Urschel, however, is no mere broker. Through his Arizona-based company Pylon Aviation, he specializes in pairing high-net-worth clients with the right helicopter for their missions, then providing the training and mentoring they need to operate it safely. It’s a business that is very deliberately based on long-term relationships, even when that comes at the expense of short-term gains.

“I lose business to a number of customers when I give them my questionnaire and I ask them all the hard questions,” Urschel said, explaining that he starts by asking prospective clients how they plan to use their helicopter — and whether their budget can accommodate their intended missions. “The guy who wants to go to Alpine, Wyoming [elevation 5,637 feet] in a [Robinson] R22, well, it’s just not working. It’s not going to happen and it’s not safe and there’s not enough margin.”

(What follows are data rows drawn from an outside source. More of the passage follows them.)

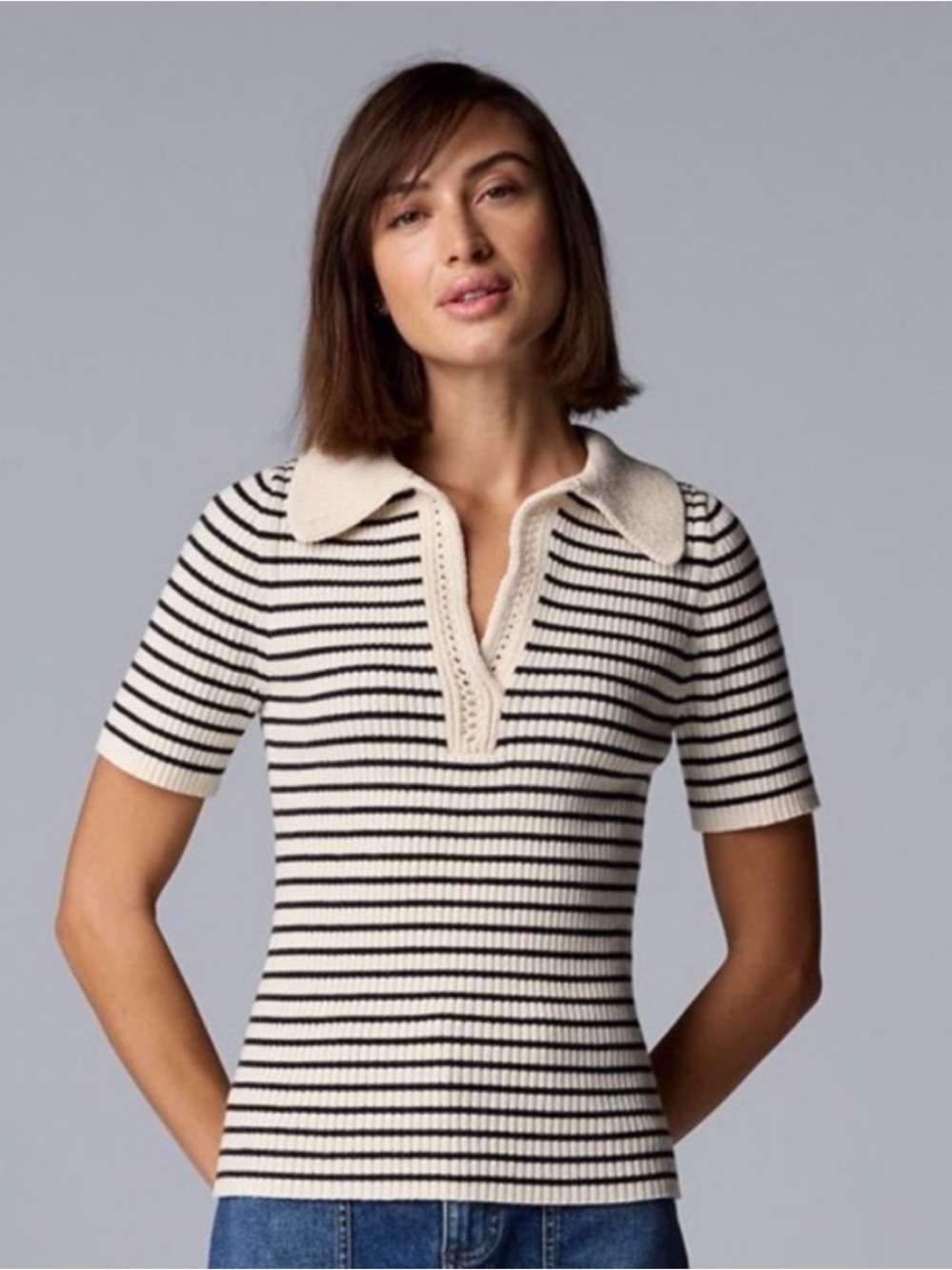 Simply Vera Wang Striped Knit Polo Top in Cream & Black
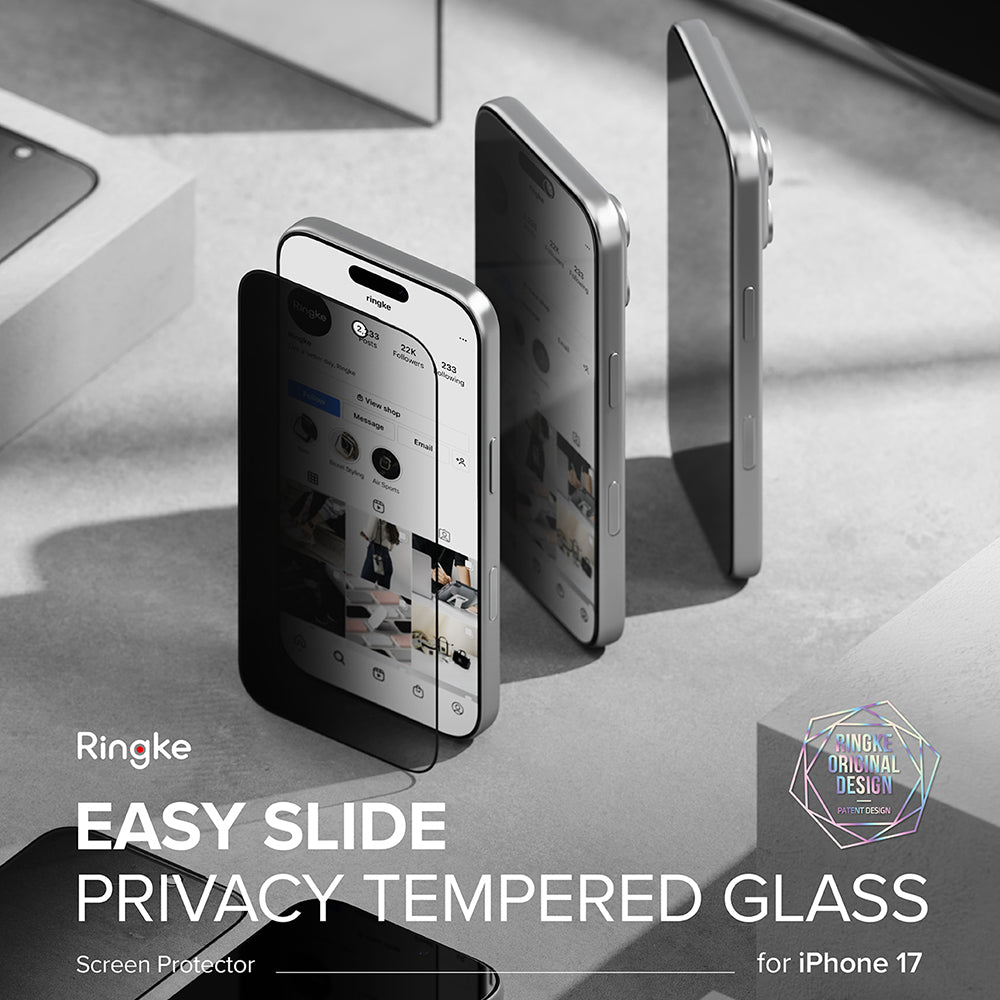 Privacy Screen Protector Ringke Easy Slide voor Apple iPhone 17 Pro, Gehard Glas, Volledige Lijm, Set van 2 stuks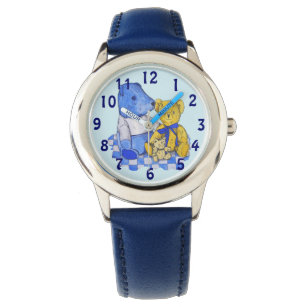 blue check picnic cloth with three teddy bears watch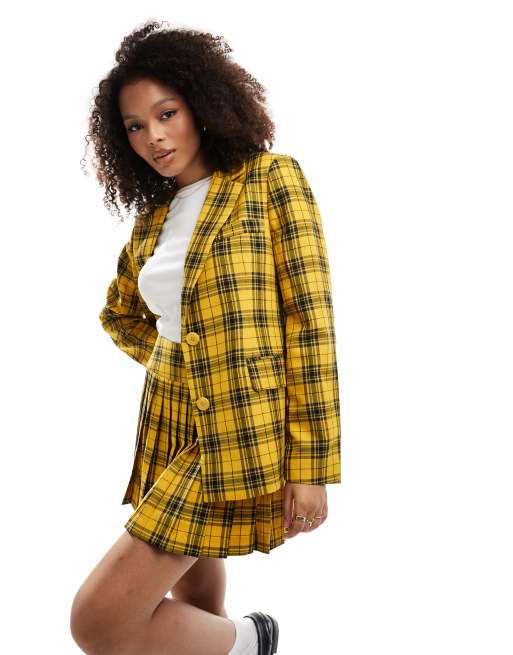 Something New iconic Clueless tailored blazer pleated mini skirt co ord in yellow check ASOS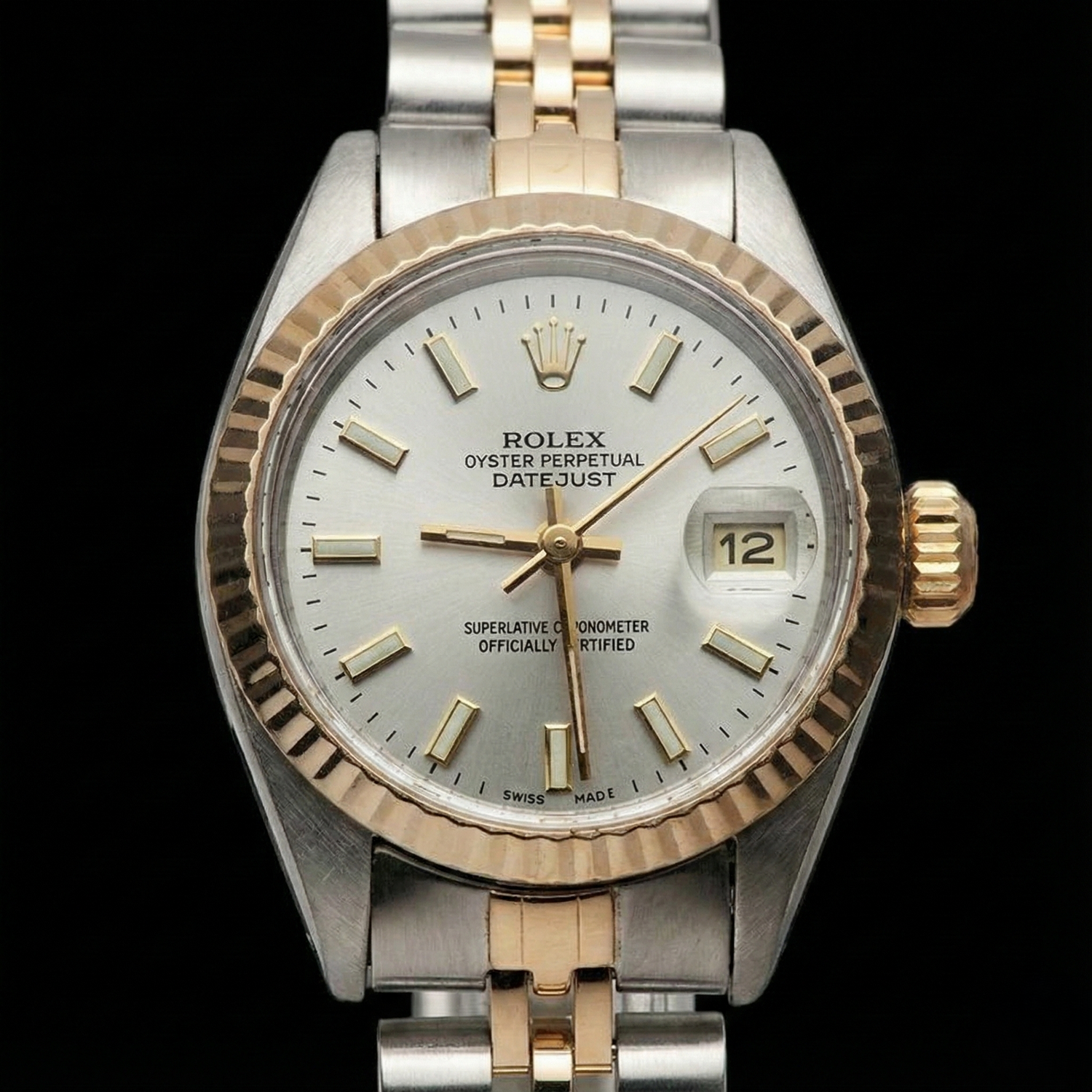 Orologio da donna Rolex Datejust bianco Datejust giubileo in acciaio inossidabile e oro giallo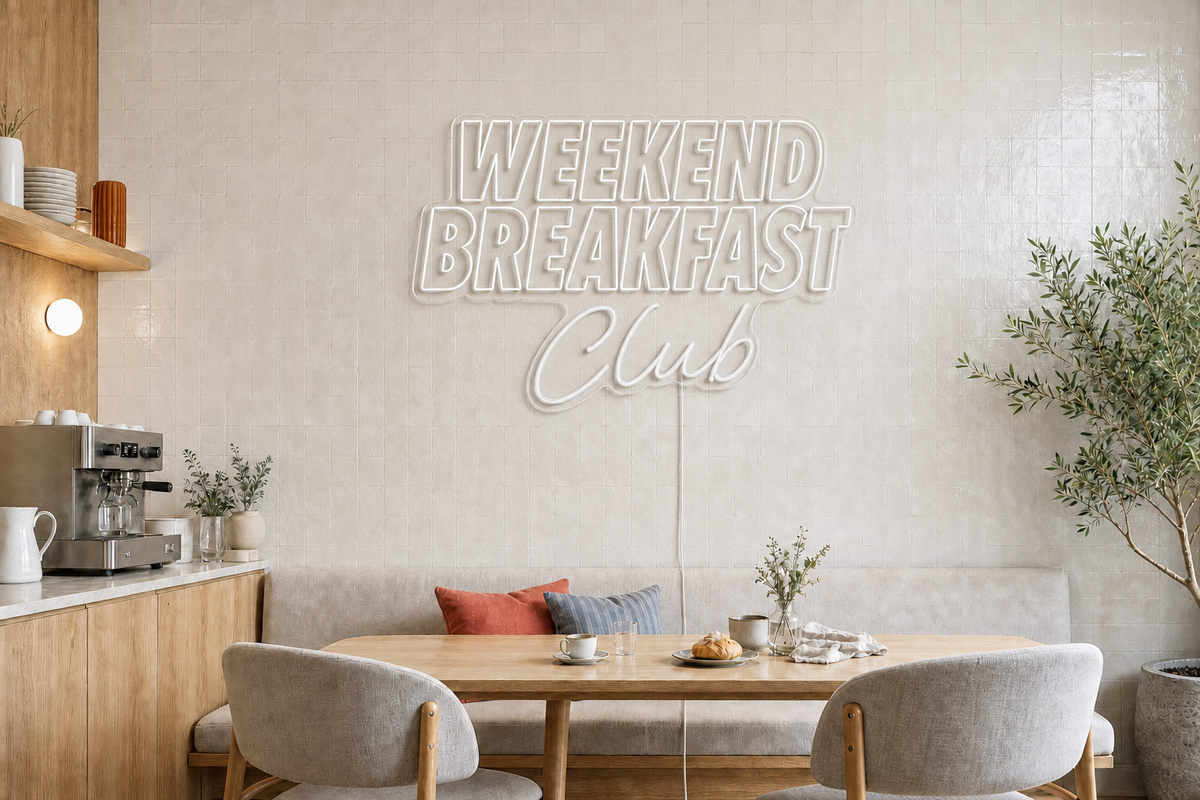 Néon LED Weekend Breakfast Club éteint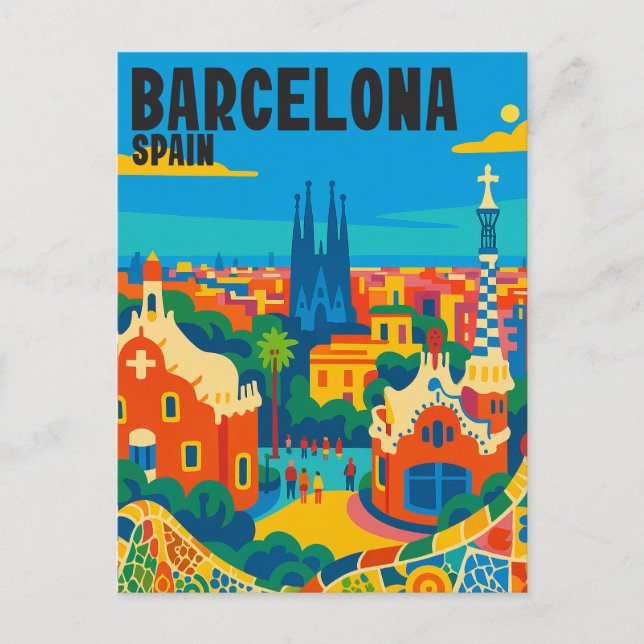 Barcelona Spanien Vintage Gaudi Stad Vykort (Framsida)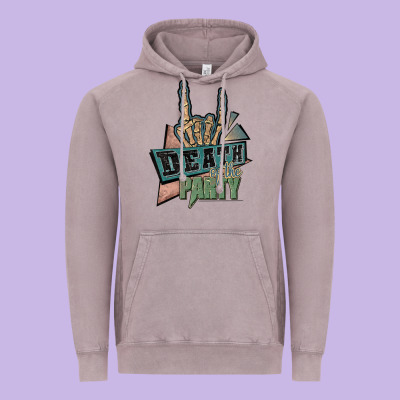 Death Of The Party White Vintage Hoodie Designed By Jahusdesignshop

Urschel has flown over 40 makes and models of helicopters, and instructed in most of those. “Flying different machines I think is really beneficial, because when you fly one aircraft, you kind of fly it with rote memory. . . . By not becoming complacent and flying every aircraft like they fly the same, you build a good skillset [and] good feel.” Mike Reyno Photo

Urschel’s customers are often the type of successful businesspeople who aren’t used to being contradicted, and they will typically react to his bluntness in one of two ways, he said. “Either they will totally respect you . . . or they’ll tell you to take a hike.” And that’s fine by him. Urschel has been in the business long enough to see too many people die in preventable accidents, and giving his customers the right aircraft and the right foundation is more important to him than simply making a sale.

 

“Helicopters are a wonderful thing, but they will kill you in a heartbeat and you have to have respect for them,” he said. As he explains to his clients, “You have personal limitations, and the aircraft has limitations, and then you have weather limitations, and any time you start exceeding any of those, you’re really putting yourself at risk. I always try to sell people margin, and the margin is in performance and training.”

A lifelong passion

Urschel, who grew up in the Phoenix area where he still lives today, has always been fascinated by helicopters. When he was around five years old, an uncle from Ohio who had a road-building company purchased a Hughes 300 and ferried it through Arizona. “My dad took me to Mesa Falcon Field, and I went for a ride,” he recollected. “I’ll never forget it because we took off and flew across the orchards on the west end of the runway there, and I remember trees going under the chin bubble. And I was hooked.”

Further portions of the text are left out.